3. Your auditory environment
A great many people grow up in abusive environments. Negative reinforcement has been proven not to work, yet humans gravitate towards it. Apparently, the louder you yell at someone, the more likely they are to listen (which is not the case). The more you make someone feel inadequate, the more endeared they are towards you (which is manipulation).
We can extrapolate a lot from this information. How easy is it to dwell in negative self-talk? Negative self-imagery? Allow your friends and family to say backhanded things? Sure, sometimes it’s funny. But at some level there’s always a shred of truth to it.
The more we hear something like this, the more we believe it. How many kids feel they can’t succeed because they’ve been conditioned to believe it?
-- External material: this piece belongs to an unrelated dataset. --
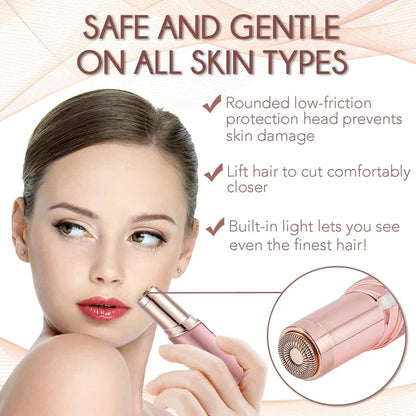 4-in-1 Electric Facial Epilator Lipstick Shaver USB – Women’s Face Hair Remover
How many little girls feel they can’t do something because they were told it’s not what girls do? How many little boys grow up with emotional incontinence because “only girls cry”?
All these little people turn into limited big adults. And as big adults, we need to stop this cycle. We should accept challenges for what they are, and stop imagining impossibilities everywhere we turn. We shouldn’t let someone else’s existence dictate our possibilities, nor let the things they say become physical obstacles.
At the end of the day, we should hold higher expectations for ourselves. We should be stringent about what we let in—we should trust those wiser than us, but only until we ourselves surpass them-- which we can do, because even astronauts were kids with model spaceships, once.